D@J | David Andrew Johnson

the rumpus.net facebook employee interview and your privacy

Interesting timing, I was scheduled to do a media interview on something related to how social media sites monitor groups and police them for dangerous, offensive or hateful content and this little nugget comes out.

Conversations About The Internet #5: Anonymous Facebook Employee – The Rumpus.net.

The comments have a discussion going about how employees at sites can read all your information and some common expectations of privacy. This also comes on the heels of yesterday’s discussion on twitter about Zuckerberg saying something to the effect that living publicly is the new norm.

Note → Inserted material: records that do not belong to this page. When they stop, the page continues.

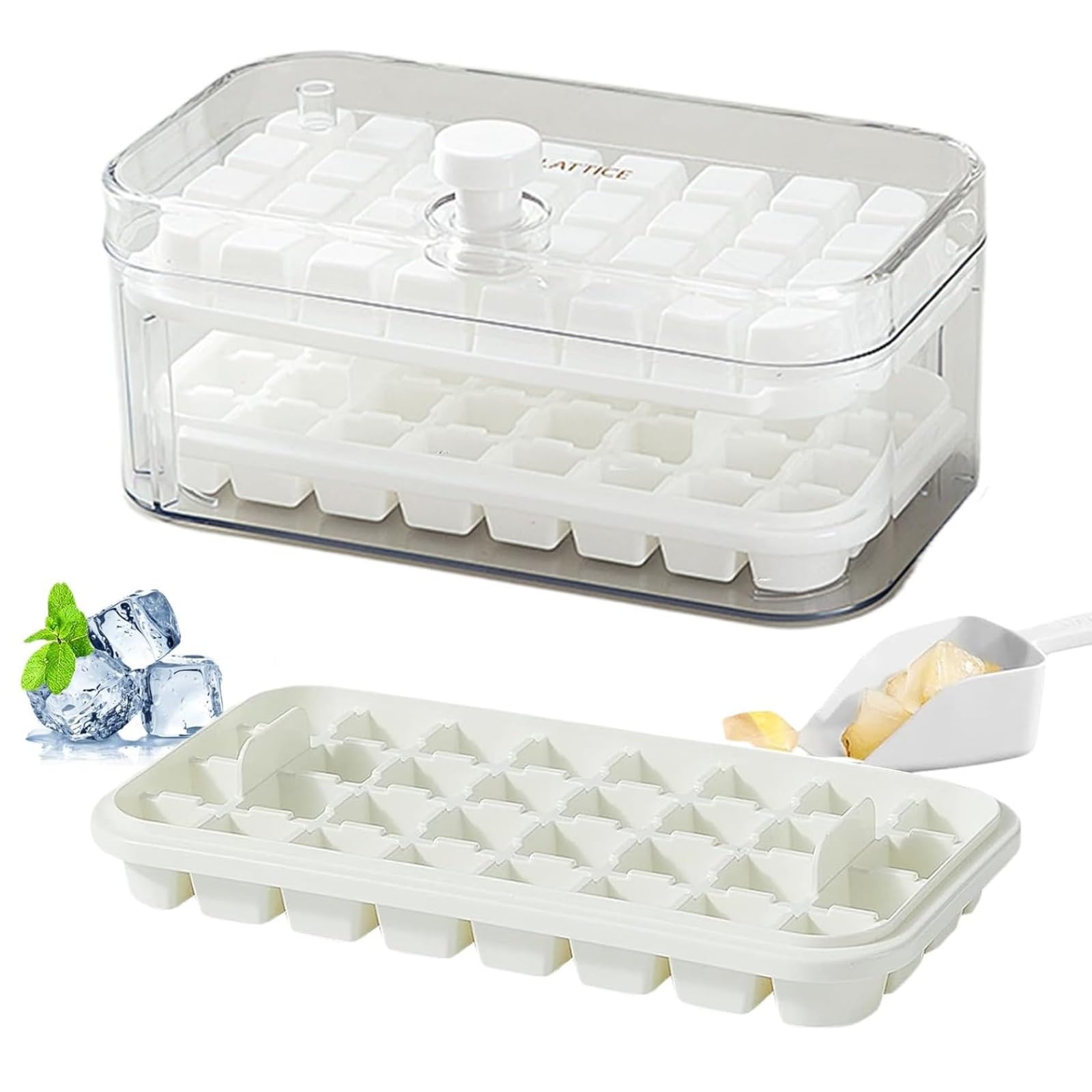 楽天市場】【ボタン一つで取り出す☆】 製氷皿 製氷器 製氷機 大容量 2
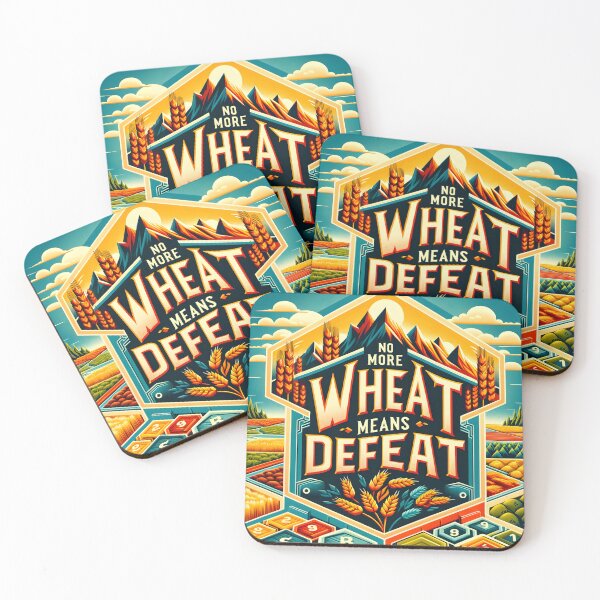 Item preview, No More Wheat, Means Defeat! designed and sold by mattjacks.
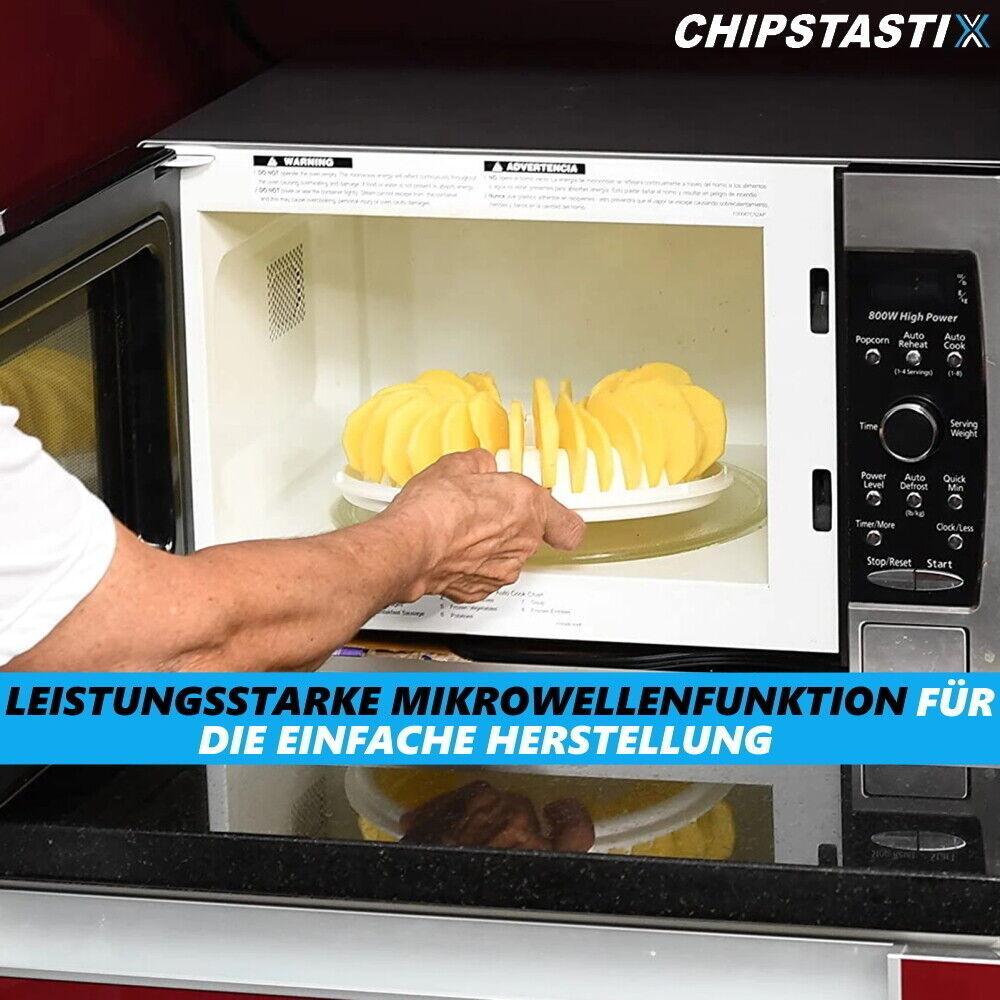 CHIPSTASTIX Kartoffelchips Maker Chips Röster DIY Form Chipsmaker für Mikrowelle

From the perspective as a former IT chief and also as a communications professional/academic, let me assure all. The only thing that keeps you private is the lack of interest among the people who could snoop on you, or the value of their time vs. the value of your information to them or some buyer.

Credit card companies and other institutions have been selling your purchasing habits and addresses for decades in lump lists. This type of targeted advertising predates behavioral targeted online advertising and can be viewed as intrusive, or as a service to help you get things you may be more interested in.

Most dbase admins or mail system admins can pop in and read whatever they want on their own environments. Server admins can comb logs to find haters and trolls and liars, and we’ve outed more than a few in the news media and also helped some people who were abusing company computers to find new employment choices. In IT security, there are any number of ways to crack in from the outside and hackers find new ones all the time that not only prey on system weaknesses, but more likely social actual individuals to compromise systems.

But seriously, is this any different than the locks you put on your doors and windows? If someone wants to break in and has the skills to do it, they will find a way. The barriers to entry may discourage them to move on to easier marks where less effort may get decent rewards, but if you have something they want more than their moral own moral code, it is pretty hard to discourage them. But of course, online, they leave evidence, and again it is up to enforcement to decide if what you lost is worth pursuing and if there is a case to make.

So really, it does come down to how interesting you are or not. Kind of like social media success. If you’re modest and boring, chances are no one will bother to mess with you, but then again, you chances are you won’t be interesting enough to have people pay attention to you either.